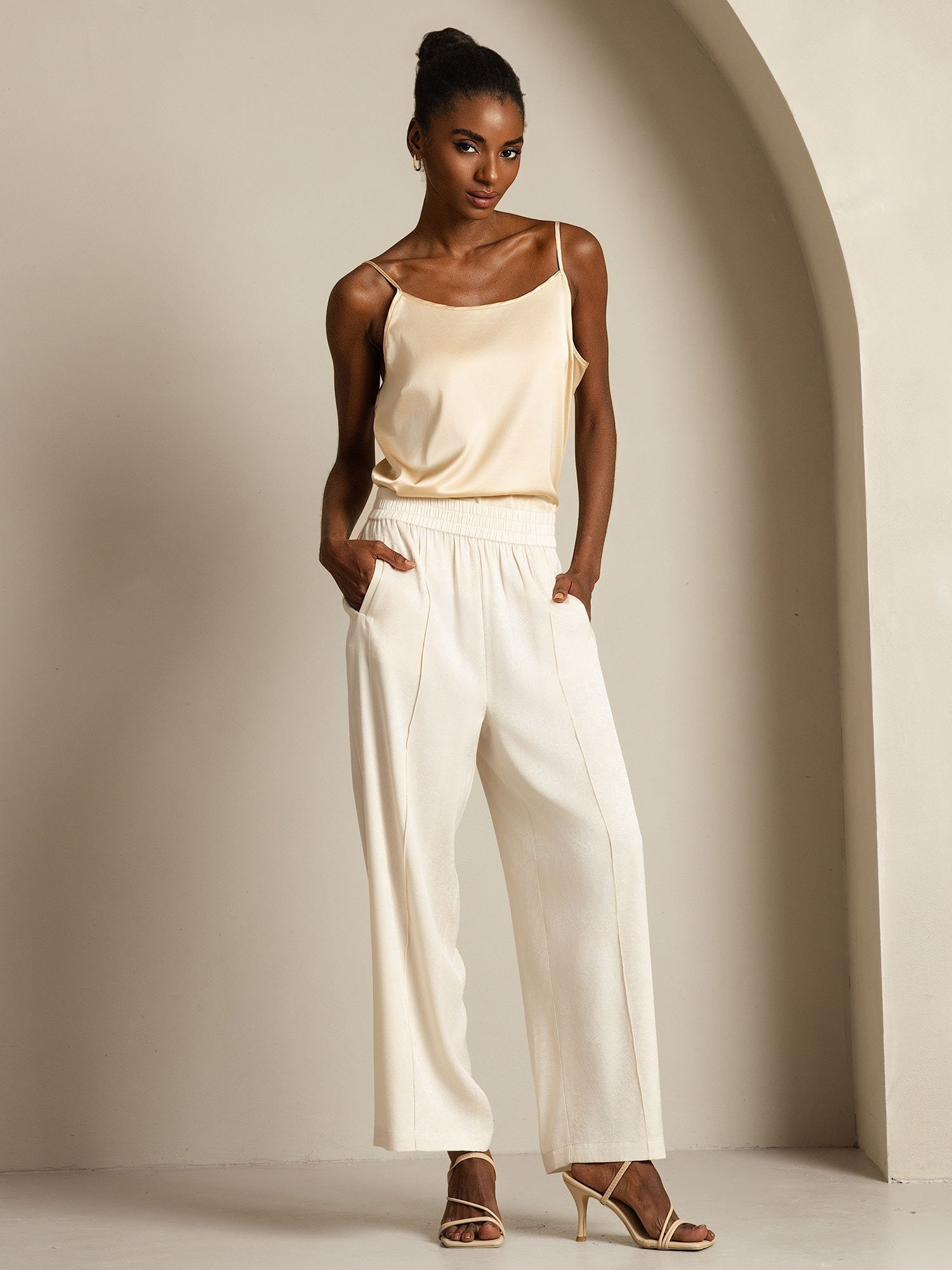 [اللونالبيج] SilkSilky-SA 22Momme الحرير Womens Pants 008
==
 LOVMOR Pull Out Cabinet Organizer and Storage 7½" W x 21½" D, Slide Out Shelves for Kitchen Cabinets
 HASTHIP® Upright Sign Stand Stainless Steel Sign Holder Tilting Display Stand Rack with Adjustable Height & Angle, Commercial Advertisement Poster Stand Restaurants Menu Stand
==
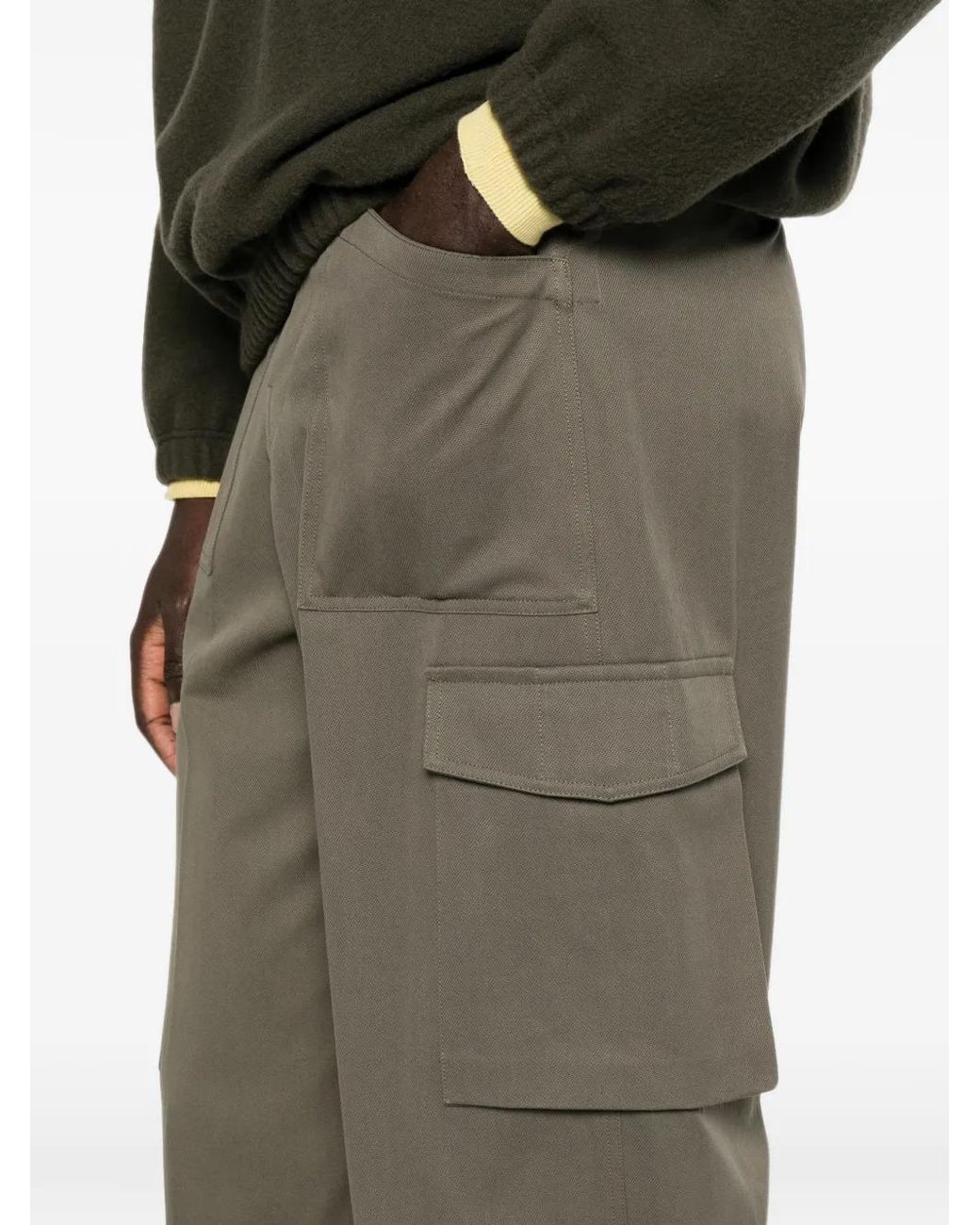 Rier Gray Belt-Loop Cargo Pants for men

» What is being asked: Would you print exactly and only the lines of the material above that run from the line with "LOVMOR Pull Out" through the line with "HASTHIP® Upright Sign", both included?

» Response for this exercise:
 LOVMOR Pull Out Cabinet Organizer and Storage 7½" W x 21½" D, Slide Out Shelves for Kitchen Cabinets
 HASTHIP® Upright Sign Stand Stainless Steel Sign Holder Tilting Display Stand Rack with Adjustable Height & Angle, Commercial Advertisement Poster Stand Restaurants Menu Stand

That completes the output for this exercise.